Proceedings of International Conference on Hybrid and Organic Photovoltaics (HOPV23)
DOI: https://doi.org/10.29363/nanoge.hopv.2023.048
Publication date: 30th March 2023
Organic-inorganic metal halide perovskites have attracted a considerable interest in the photovoltaic scientific community demonstrating a rapid and unprecedented increase in conversion efficiency in the last decade. Besides the stunning progress in performance, the understanding of the physical mechanisms and limitations that govern perovskite solar cells are far to be completely unravelled. In this work, we study the origin of their hysteretic behaviour from the standpoint of fundamental semiconductor physics by means of technology computer aided design (TCAD) electrical simulations. More in detail, we explain the hysteresis in current density-voltage (J-V) characteristic of perovskite solar cells (PSCs) in terms of charge carrier accumulation due to slow charge dynamics occurring at energy states near the interfaces with the perovskite absorber.
Our simulations reveal that hysteretic behaviour can be caused by shallow energy states near the interface with ETL (or HTL) with particular properties as: (i) density Nt > 1018 cm-3, (ii) capture cross-section σ ≈ 10‑23 cm2, and (iii) defect energy Et ≈ 0.25 eV with respect to VBE (or Et ≈ 0.2 eV with respect to CBE).
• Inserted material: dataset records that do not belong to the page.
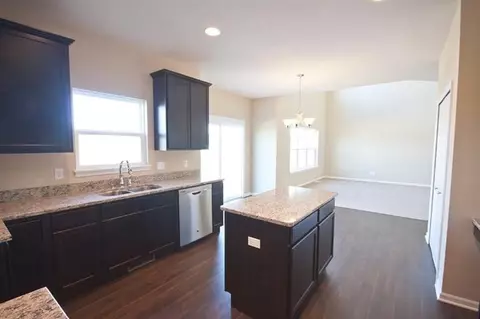 8813 Teal Pl, Saint John, IN 46373 photo 3
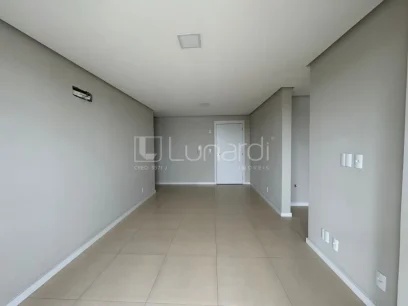 Apartamento com 2 Dormitórios - Miniatura - Lunardi Imóveis
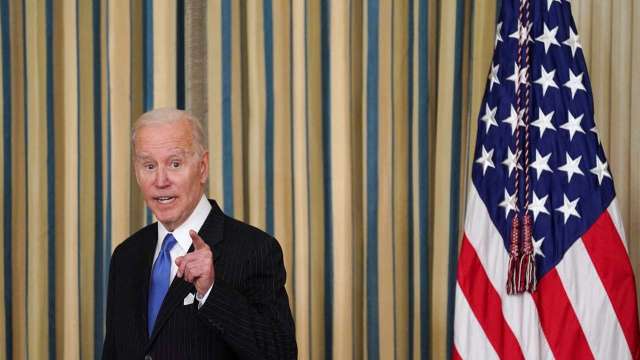 DNA Explainer: What are 'ghost guns' and why is Biden administration against them - Vimarsana News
Interestingly, such values are consistent with experimental findings reported in literature.
Furthermore, stronger hysteresis at higher defect densities near the ETL or HTL reveals that the hysteretic behaviour is due to recombination processes. We provide an explanation of the observed phenomena in terms of slow charge capture and emission times at interface energy states with capture cross-sections lower than 10-22 cm2. Moreover, the effect is most apparent when the energy states exhibit energies close to the quasi-Fermi levels.
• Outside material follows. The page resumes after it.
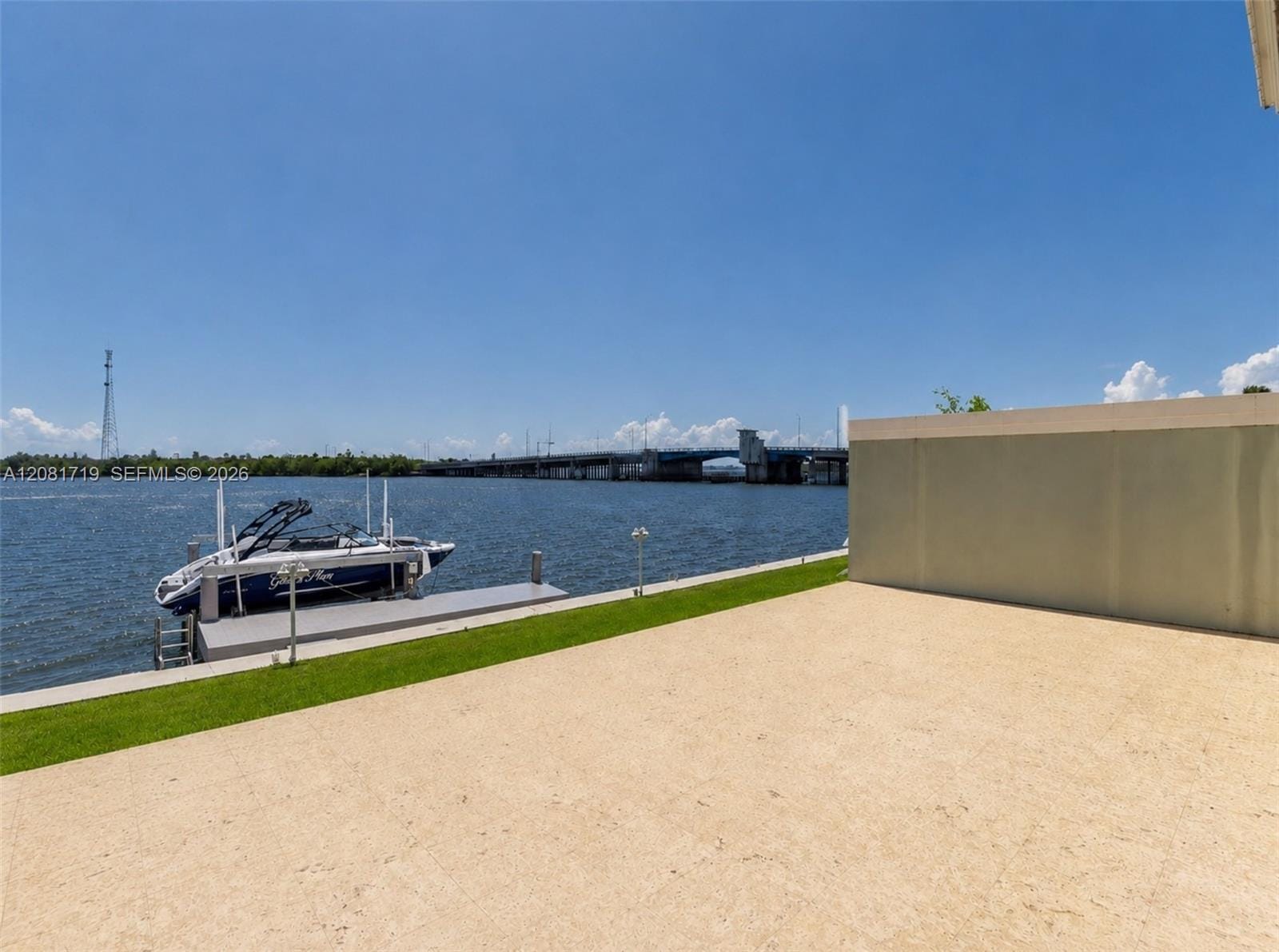 8041 NE Bayshore Court 8041, Miami, FL 33138 photo 24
Finally, J-V simulations at different scan rates demonstrate realistic behaviour in the analysis of hysteresis for different scan rates. In particular, we observe that there is a scan rate that maximizes hysteresis as observed in experimental studies. Furthermore, our simulation platform allow us to relate the profile of energy states (energy and position) to interface passivation and crystallinity of absorber material in PCSs. In this regard, we observe that independently improving perovskite material or quenching interface defects is not sufficient to eliminate the hysteresis. Rather, only concurrently pursuing high quality perovskite material and surface passivation yields highest efficiency with negligible hysteresis. Our model can be easily extended and adapted to different device architectures, defect distributions and device life-time for a custom optimization that addresses different fabrication sequence, absorber material formulations, choice of supporting layers and stability.
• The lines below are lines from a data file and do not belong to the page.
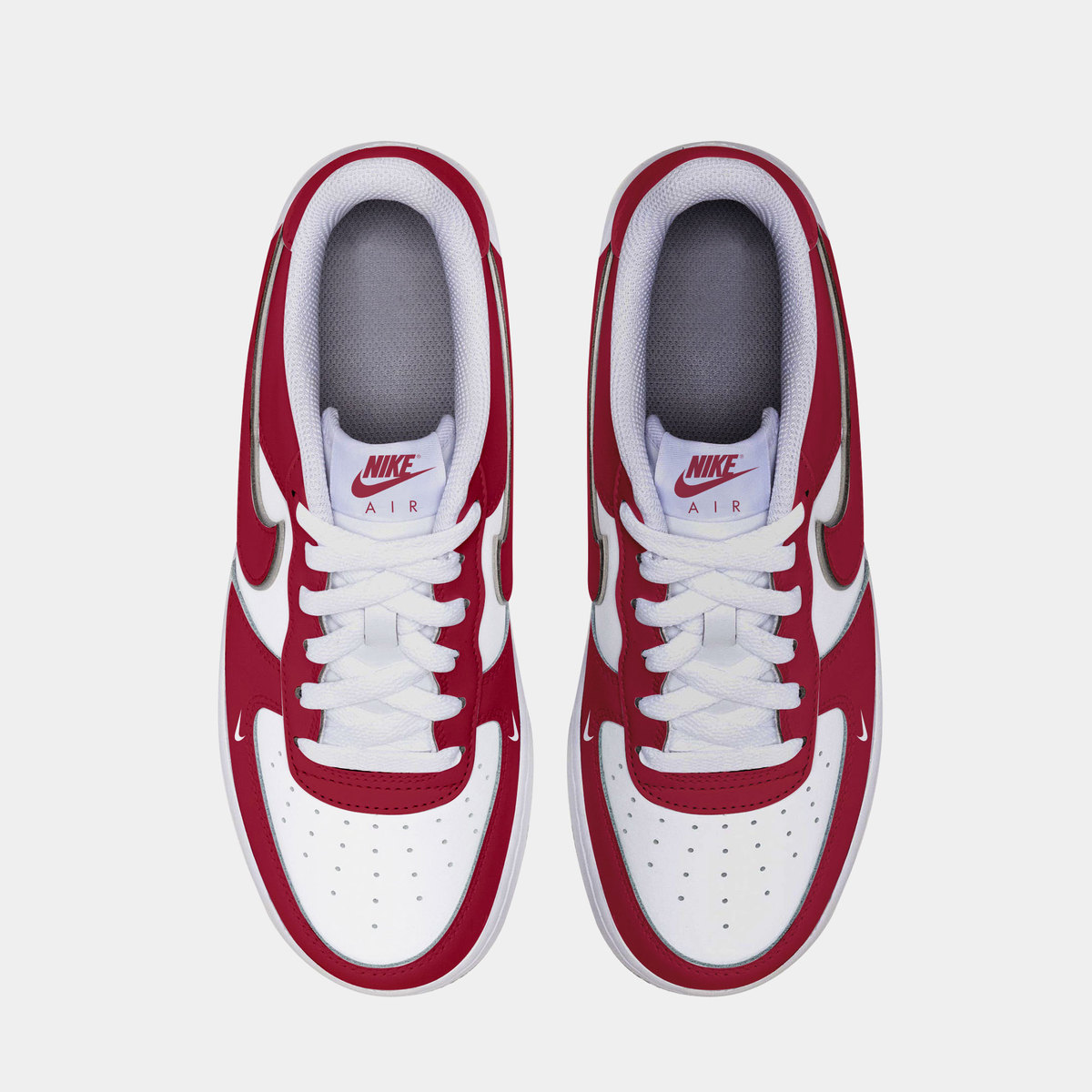 NC State Sneakers SP03042405ID10DS10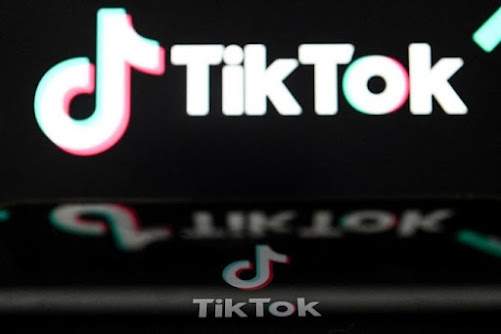 TikTok CEO to fight US ban law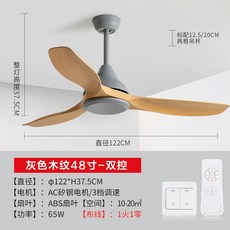 fc72c15c9e2b141c215a28c3b08cc93e2f0957cbe793a395f1254575bb55.jpg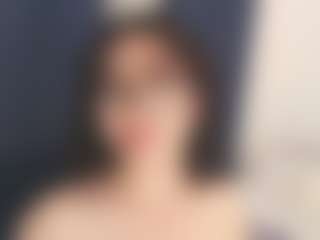 Live cam show with itsliaa - Joi on hotwifechat.live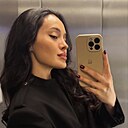 Знакомства: Katerina, 29 лет, Краснодар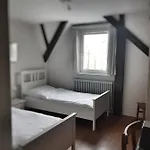 Gasthof Bottminger-Muehle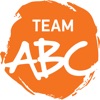 ABC Climbing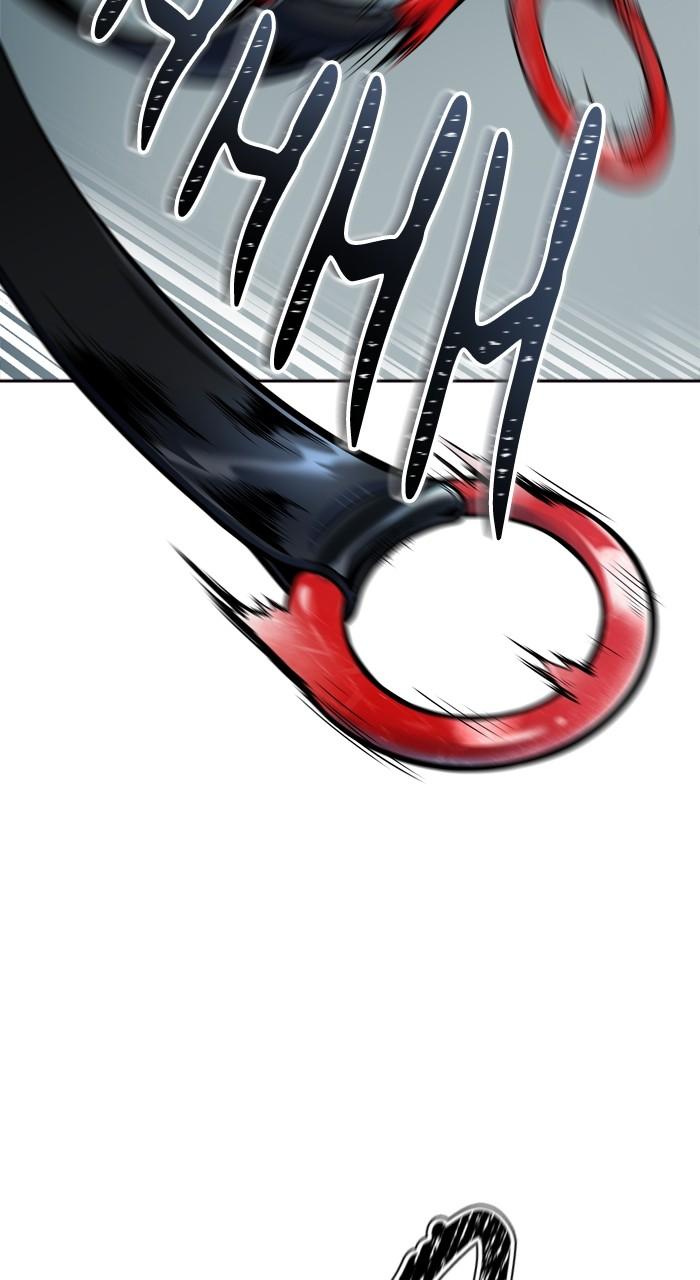 Tower of God Chap 176 - Next Chap 177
In conclusion, our results show that hysteresis can be explained using fundamental semiconductor physics alone with realistic defect distributions in both the spatial and energetic domains. This supports the claim that interface defects play a crucial role in the formation of hysteresis. This fact is of particular relevance, because it links defects dynamics with hysteresis and stability of PSCs. Therefore, a deep study of such defects should lead to new insights for solving the reliability issue of PCSs, because defects can be created or disappear in particular conditions such as temperature, illumination and bias potential.